The Israeli Magistrate’s Court in Jerusalem yesterday ordered the settler organisation Ateret Cohanim to vacate the Little Petra Hotel, located in Omar Ibn Al Khattab Square, by 3 July, Arab48 reported.
It comes after the European Union missions in Jerusalem and Ramallah voiced concerns, earlier this month, over Ateret Cohanim’s takeover of Greek Orthodox properties in the occupied East Jerusalem’s Old City, Anadolu News Agency reports.
The notorious settler organisation broke into the hostel as well as a nearby money exchange shop. The extremist settlers received Israeli police protection.
Palestinian Greek Orthodox Church leaders also denounced the “illegal” takeover of church property in occupied East Jerusalem by Israeli “extremists”, highlighting the “threat of extinction” as a result of the actions of “radical” Israeli groups.
Ateret Cohanim’s stated goal is the creation of a Jewish majority in the occupied Old City and Arab neighbourhoods in East Jerusalem. It works to “Judaise” East Jerusalem to achieve Jewish supremacy, which is a form of ethnic cleansing. The organisation does this by purchasing properties through front companies and then moving Jewish settlers into them.
For over 17 years, the Greek Orthodox Patriarchate has been opposing Ateret Cohanim’s claims of having legally purchased the church’s properties in the Jaffa Gate area, including the Imperial Hotel and the Petra Hotel.

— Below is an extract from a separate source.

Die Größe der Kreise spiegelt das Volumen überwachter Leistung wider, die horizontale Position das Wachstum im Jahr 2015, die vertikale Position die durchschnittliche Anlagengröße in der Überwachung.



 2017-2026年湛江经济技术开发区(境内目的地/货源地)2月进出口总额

Medhat Deeba, an attorney representing the Palestinian Qiresh family that runs the hostel, is reported as saying that members of the Israeli organisation had taken over one of two sections of the property. “They didn’t give the residents an eviction notice, and they broke in illegally,” he explained.
He added, “This hotel is divided into two parts, the Petra Grand Hotel, and the Petra Small Hotel, which issued an eviction decision against the Saeed family and against companies in the the property that were managed by the Qirsh family, who were deliberately not informed of the eviction decision.”
The hostel is in the Old City, which Israel seized in 1967 and later annexed in a move that has never been recognised by most of the international community. Israeli law allows Jewish citizens to “reclaim” property owned by Jews in occupied East Jerusalem prior to Israel’s creation in 1948, but Palestinian Arab citizens do not have recourse to the same process. This practice is cited by human rights groups as an example of one of the many apartheid practices carried out by the occupation state.